__TASK GOAL__.
Below is a block of records; reproduce all of them exactly and leave out any pictures.

__TASK MATERIAL__.

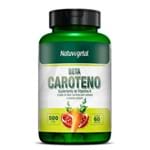 Betacaroteno Encapsulado Natuvegetal Suplemento de Vitamina a 500mg 60 Cápsulas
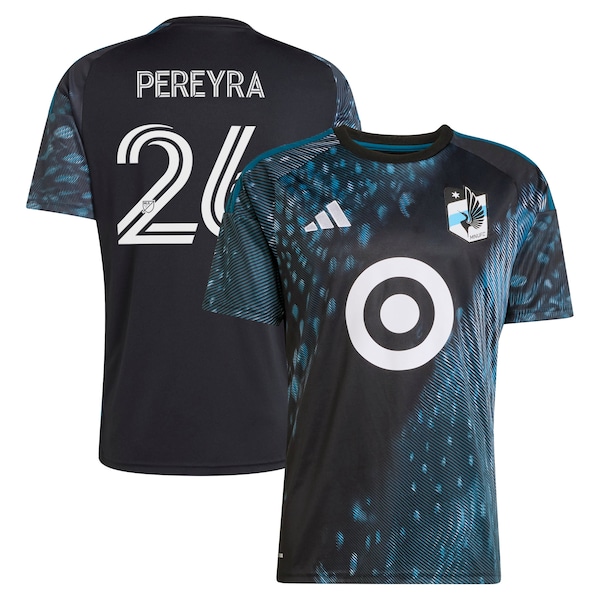 Joaquín Pereyra Minnesota United FC Adidas 2026 the Decade KIT Replica Jersey Black 2026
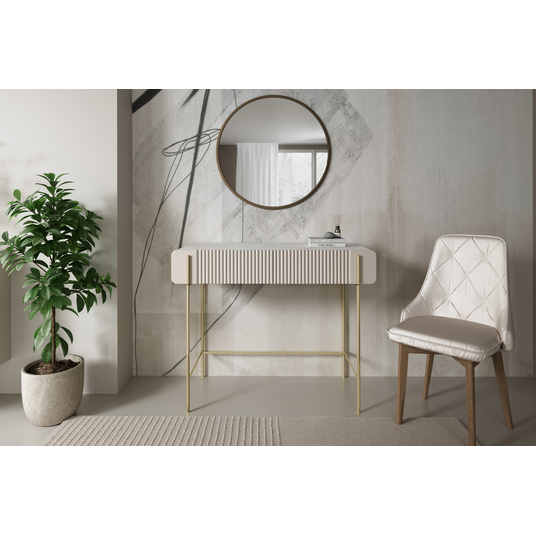 Riietuslaud Malmi - Cashmere / Crema Bianca / Kuldsed jalad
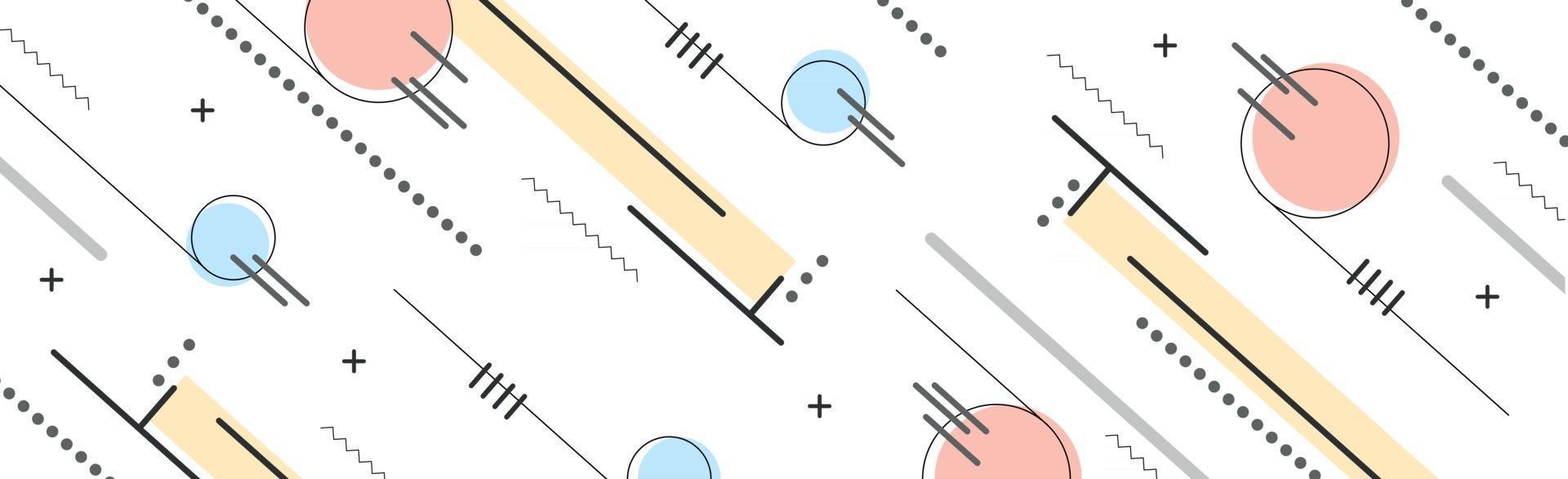 fundo abstrato com diferentes formas geométricas vetor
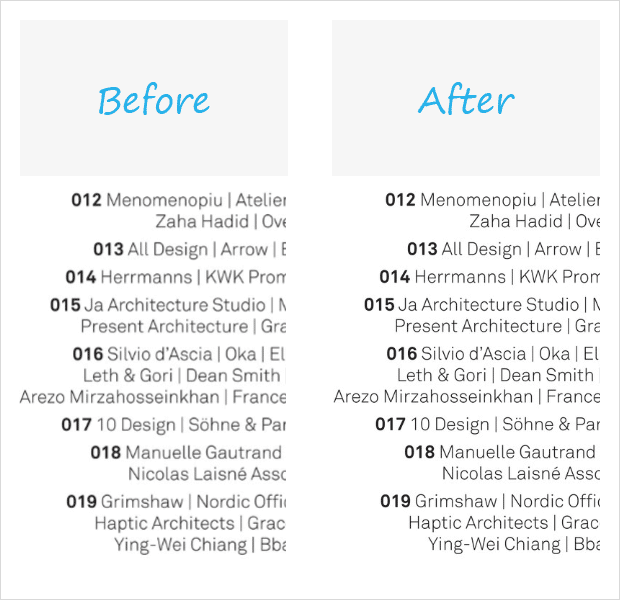 Product Update: Enhanced Publication Readability 1 Product Update: Images of blurred text and sharp text. Updated text render in Publitas.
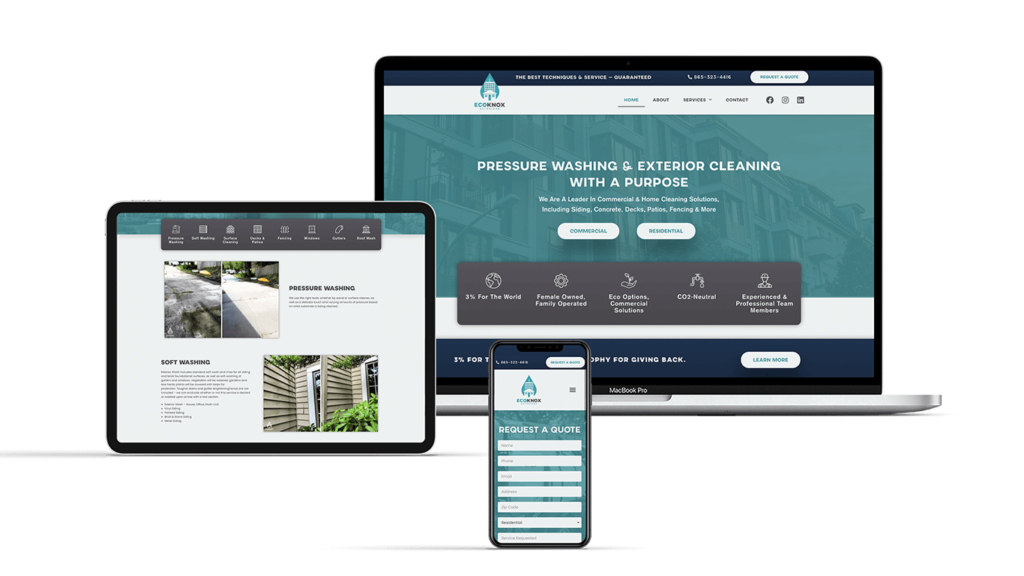 Web design & social media marketing for EcoKnox Exteriors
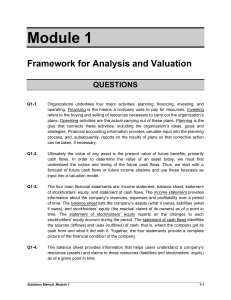 Financial Statement Analysis & Valuation Solutions Manual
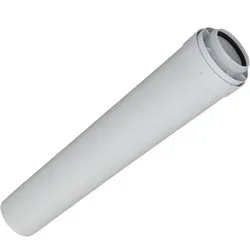 Viessmann AZ-Rohr DN80/125, 1,0 m lang, 7194321 von Viessmann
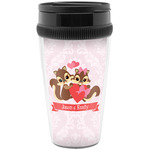 Chipmunk Couple Acrylic Travel Mug without Handle (Personalized)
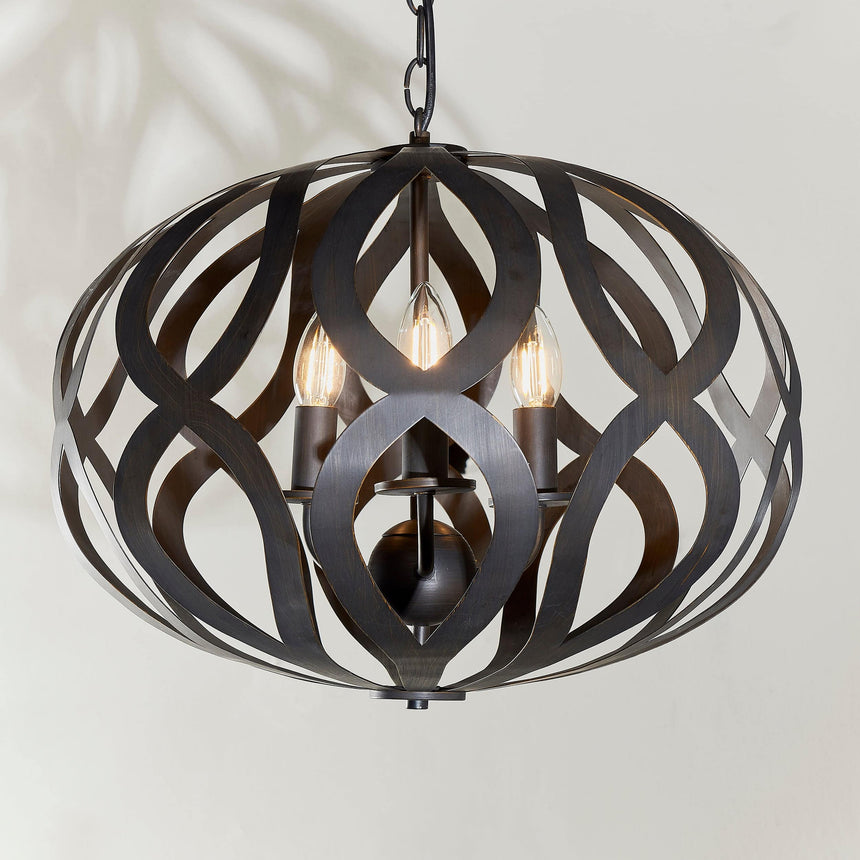 Sirolo 3-Light Pendant Ceiling Light - Comet Lighting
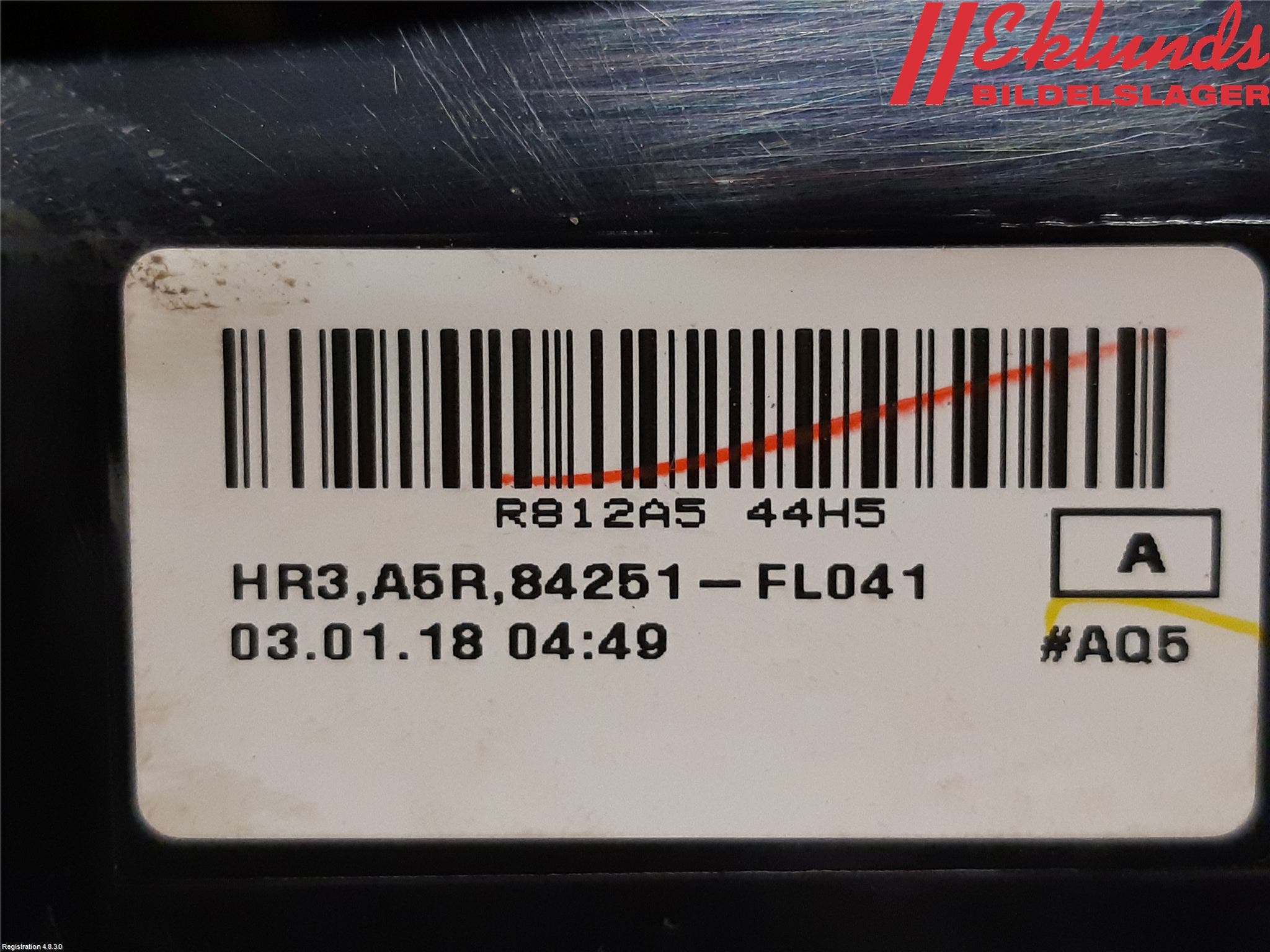 Subaru XV 18-22 Bakljus Lucka Hö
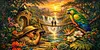 Luxury AB Velvet Diamond Painting Kit - Nature Explorer
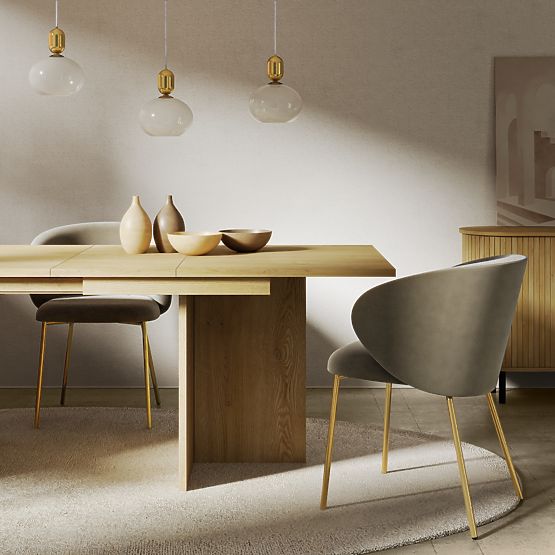 Table extensible Jose 140-200 cm, rectangulaire, Chêne Cremona Torro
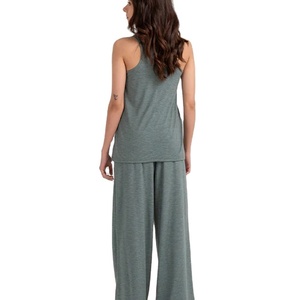 High Quality 100% Cotton Casual Solid O-Neck <b>Women's</b> Tank Top Sleeveless Quick Dry <b>Singlet</b> Breathable Seamless Front Outwear - Product Image 2
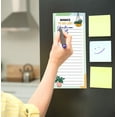 thumbnail image 6 of Inkdotpot Pack of 6 Funny Magnetic Dry Erase List For Fridge, Wipe Clean w/ NoStain, Quick Notes Shopping & Grocery List Whiteboard for Fridge, 8.75" x 3.8"(House Plants), 6 of 6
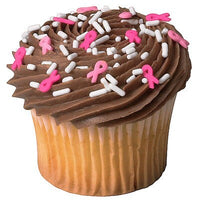 Pink Ribbon Mix Sprinkles 2 oz 4 oz 6 oz -  Cake Decorating Cookies Cupcakes
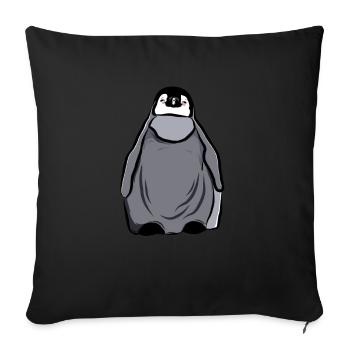 Baby Penguin Sea Bird King Emperor Penguin Lover - Sofa pillowcase 17,3'' x 17,3'' (45 x 45 cm) - black - Front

__TASK RESULT__.
 Betacaroteno Encapsulado Natuvegetal Suplemento de Vitamina a 500mg 60 Cápsulas
 Joaquín Pereyra Minnesota United FC Adidas 2026 the Decade KIT Replica Jersey Black 2026
 Riietuslaud Malmi - Cashmere / Crema Bianca / Kuldsed jalad
 fundo abstrato com diferentes formas geométricas vetor
 Product Update: Enhanced Publication Readability 1 Product Update: Images of blurred text and sharp text. Updated text render in Publitas.
 Web design & social media marketing for EcoKnox Exteriors
 Financial Statement Analysis & Valuation Solutions Manual
 Viessmann AZ-Rohr DN80/125, 1,0 m lang, 7194321 von Viessmann
 Chipmunk Couple Acrylic Travel Mug without Handle (Personalized)
 Sirolo 3-Light Pendant Ceiling Light - Comet Lighting
 Subaru XV 18-22 Bakljus Lucka Hö
 Luxury AB Velvet Diamond Painting Kit - Nature Explorer
 Table extensible Jose 140-200 cm, rectangulaire, Chêne Cremona Torro
 High Quality 100% Cotton Casual Solid O-Neck <b>Women's</b> Tank Top Sleeveless Quick Dry <b>Singlet</b> Breathable Seamless Front Outwear - Product Image 2
 thumbnail image 6 of Inkdotpot Pack of 6 Funny Magnetic Dry Erase List For Fridge, Wipe Clean w/ NoStain, Quick Notes Shopping & Grocery List Whiteboard for Fridge, 8.75" x 3.8"(House Plants), 6 of 6
 Pink Ribbon Mix Sprinkles 2 oz 4 oz 6 oz -  Cake Decorating Cookies Cupcakes
 Baby Penguin Sea Bird King Emperor Penguin Lover - Sofa pillowcase 17,3'' x 17,3'' (45 x 45 cm) - black - Front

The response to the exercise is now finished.